Трудно поднимался, будто отдирал приросшие к камню руки.
В тусклости лестничной площадки он подошел к обитой черным дерматином двери. Привалился к стене, глубоко дыша. Там, за дверью, не спали, это он чувствовал.
Она все еще смотрела на себя в зеркало, когда в дверь постучались, — первый удар тихий, второй сильный и последний едва слышный. Почуяла, стучится мужчина, оставивший о себе память. Жарок побежал от сердца, поярчал на скулах румянец, и стало лицо как бы взволнованно отзывчивым на чью-то горячую мольбу за дверью. Удалым движением откинула волосы за плечи, готовая к принятию жаждущего, безусловно, своего человека. Поворачивая ключ, весело дивилась руке: мускулы вязко и тепло взбодрились. Почувствовала отважную крепость ног, когда открывала на себя дверь, отступая на шаг.

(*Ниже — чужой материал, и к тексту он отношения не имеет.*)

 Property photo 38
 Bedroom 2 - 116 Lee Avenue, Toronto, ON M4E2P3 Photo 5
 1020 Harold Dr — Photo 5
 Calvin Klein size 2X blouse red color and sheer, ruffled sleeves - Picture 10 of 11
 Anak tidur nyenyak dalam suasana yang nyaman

За пять лет разлуки забыла, что он широкоплеч, худощав в поясе, худ лицом, от природы смуглый. Теперь — землянисто-желтый, очевидно, после хвори. О ранениях не писал, да и можно ли было писать ей, неземной, о чем-либо, кроме как о ее «пророческой, трагической красоте»?
Одной рукой опирался на ореховую, с резиной на конце, палку, другой застегивал верхнюю пуговицу кителя.

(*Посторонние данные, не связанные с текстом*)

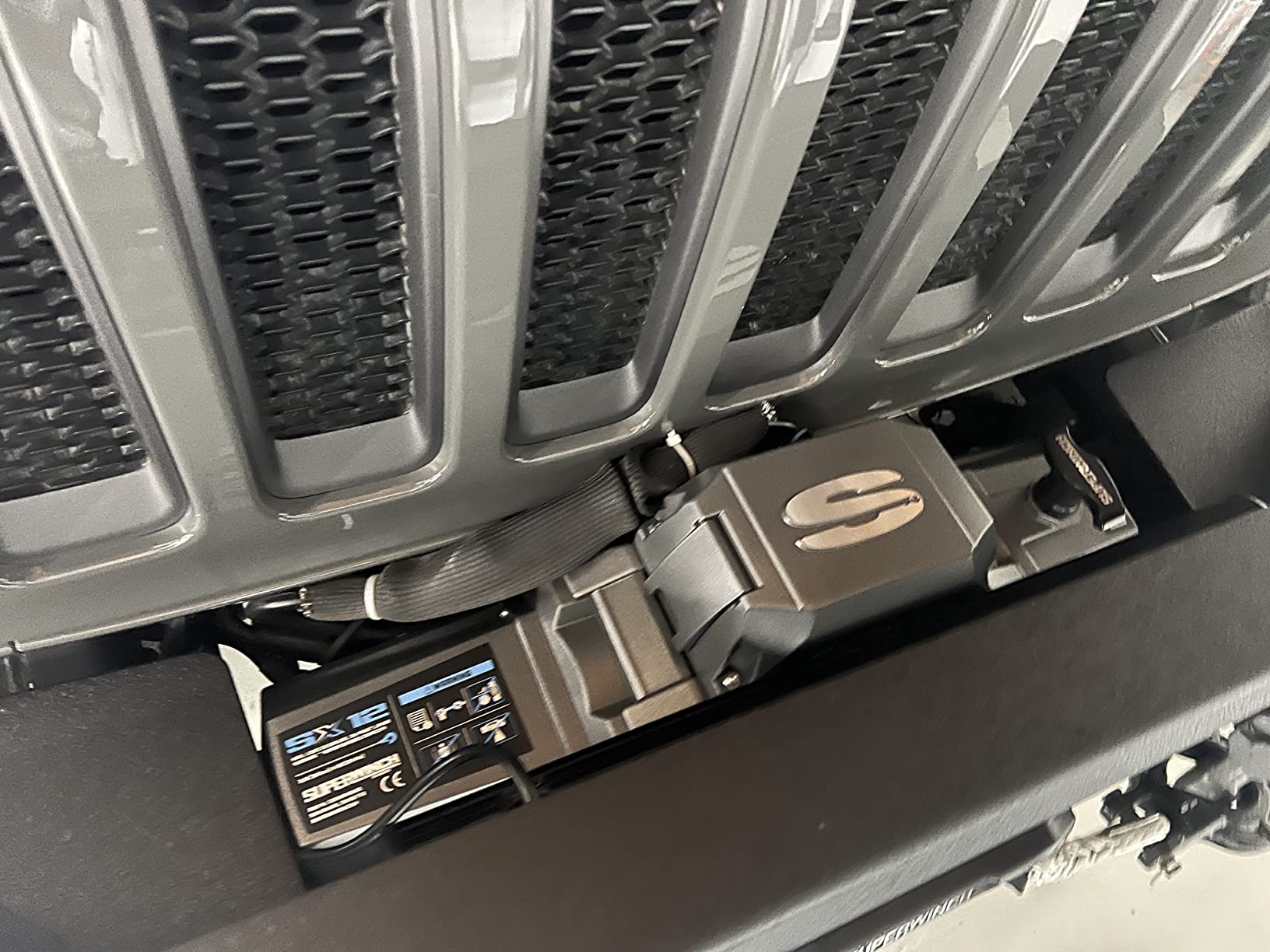 Superwinch 1712201 SX12SR 12V DC Winch 12,000lb (5,443kg) | Single Line Pull with Hawse Fairlead 3/8 x 85 ft Synthetic Rope Corded Handheld and Wireless Remote customer photo 1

Если бы Серафима знала, что вот-вот появится Истягин, не убиралась бы после гостей, пусть бы все объедки и опивки на столе были, кровать бы не застелила, чтобы Антон мыслями сразу же пошел в нужном направлении. Не надо бы наводить его на след, а только бы отвечать на пыточные вопросы, окончательно губя свою с ним совместную жизнь. И Светаева задержала бы (спрятала брюки), ведь к случаям, когда муж застигает жену с хахалем, привыкли, и даже дурачок знает, что делать. И даже Антон сработал бы как надо по трафарету при всей его невписываемости в стройную шеренгу нормальных людей. Антон такой: словам не поверит, что прошлое сгорело, надо наглядно показать…

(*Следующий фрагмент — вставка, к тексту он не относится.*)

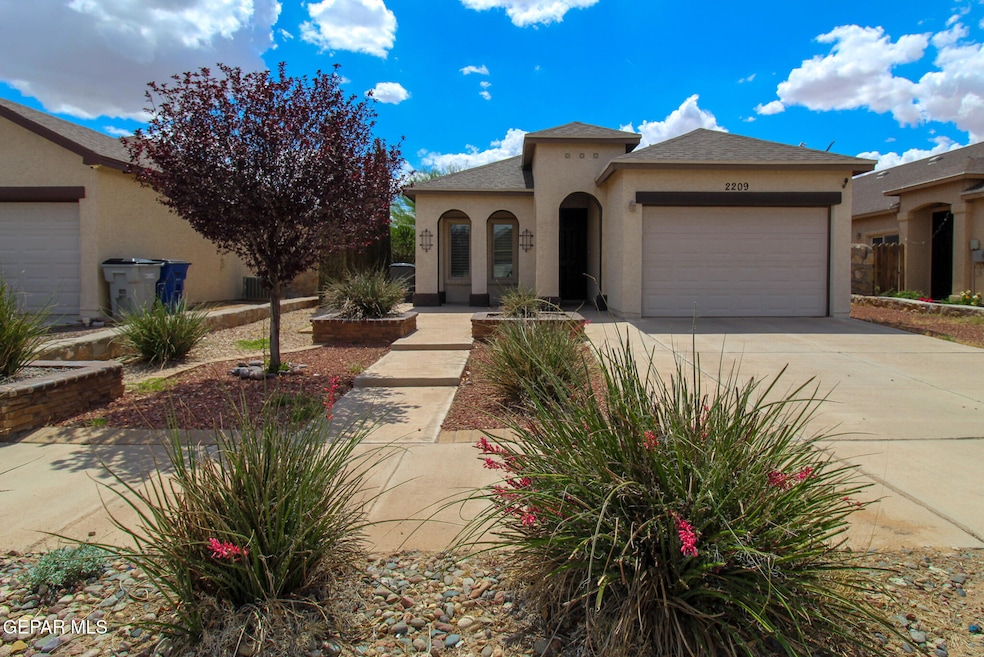 For Rent $1,475/month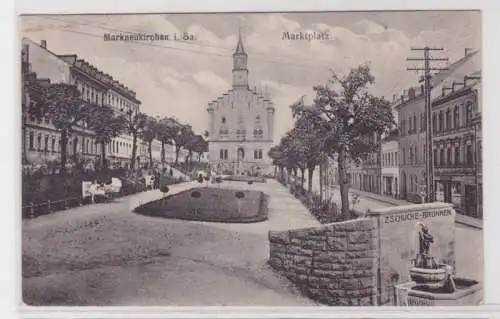 94730 AK Markneukirchen in Sachsen - Marktplatz mit Zschucke-Brunnen & Kirche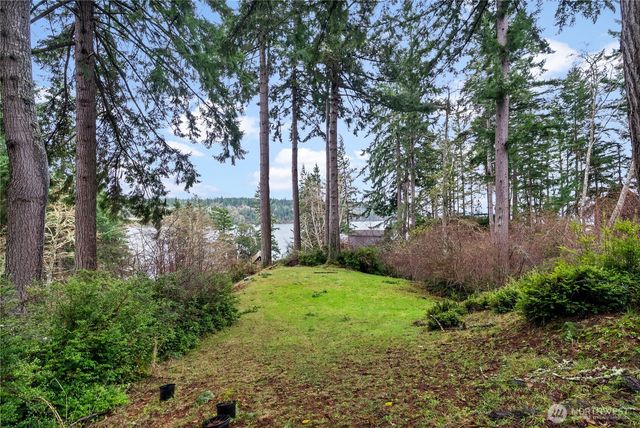 22415 S Herron Boulevard NW, Lakebay, WA 98349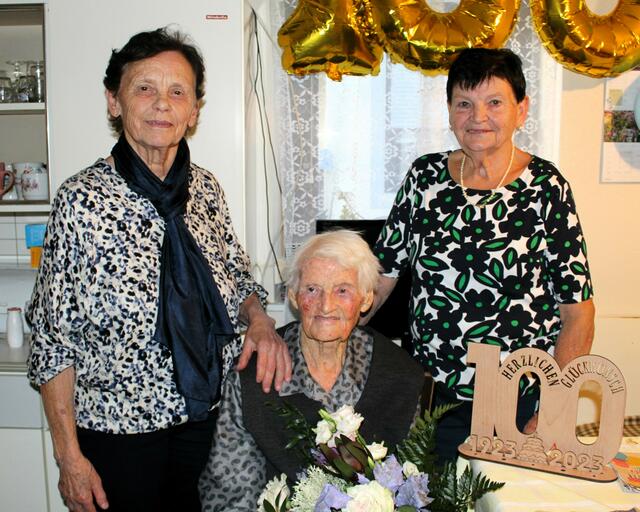 Tochter Temmel Christine Jubilarin Hermine Schneller und Tochter Poller Veronika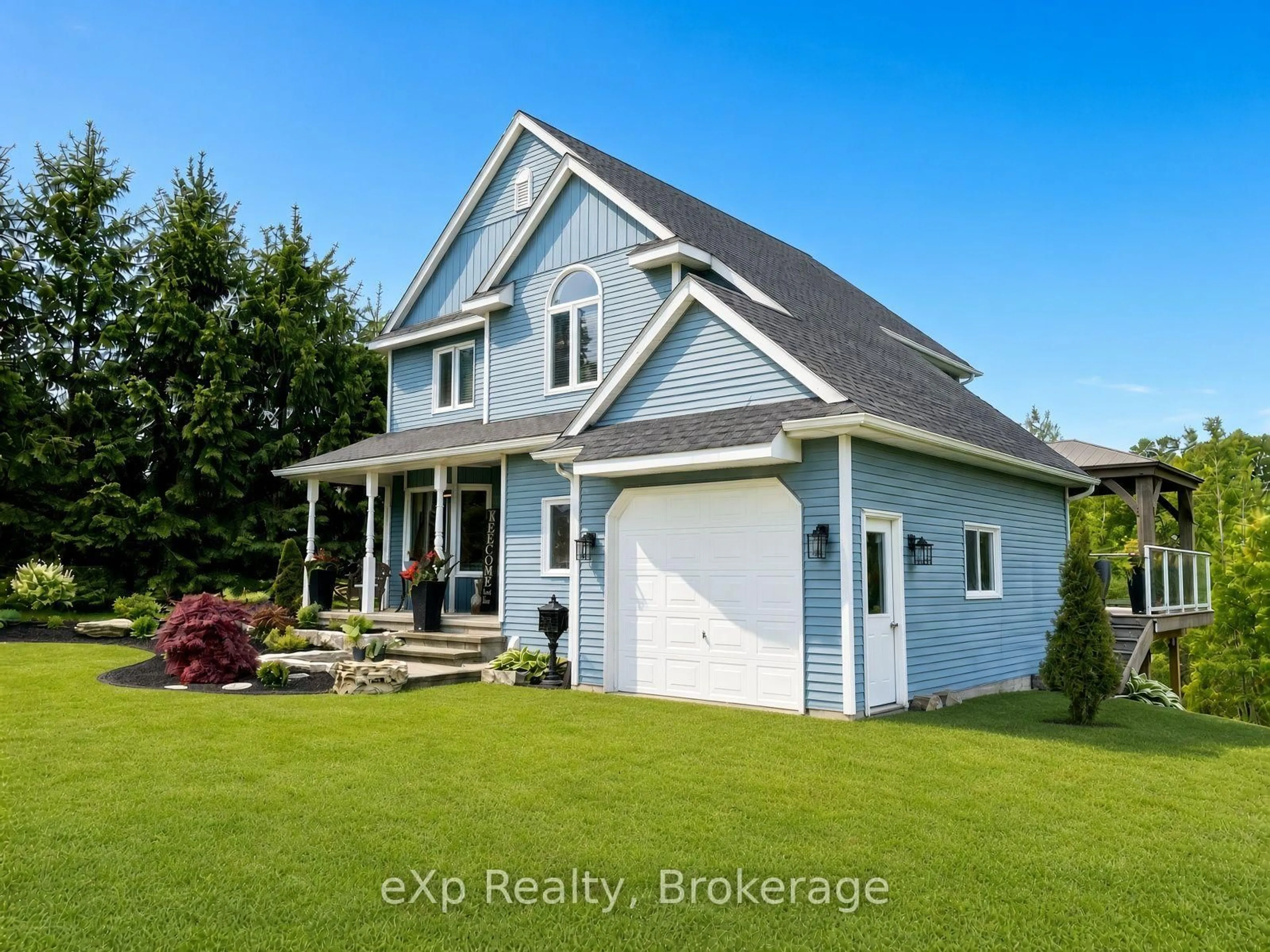Home with vinyl exterior material, unknown for 3 GRAY Crt, South Bruce Ontario N0G 2J0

Лучше бы не прибираться. Но она еще перед сном, выпроводив Светаева и Булыгина (гости норовили пересидеть друг друга), помыла посуду, проветрила квартиру…
Простецкие карие глаза с детским изумлением глядели на Серафиму так, будто к чужим людям просился отогреть душу. По какому-то выражению потерянности она догадывалась, что Истягин вот-вот постигнет горькую оправданность распада их совместной жизни.
Она вовремя пресекла мгновенный жалостливый порыв по-родственному обнять его. Но рассудительность эта смутила ее обидной жестокой значительностью, и Серафима, вспыхнув, шагнула к нему через порог.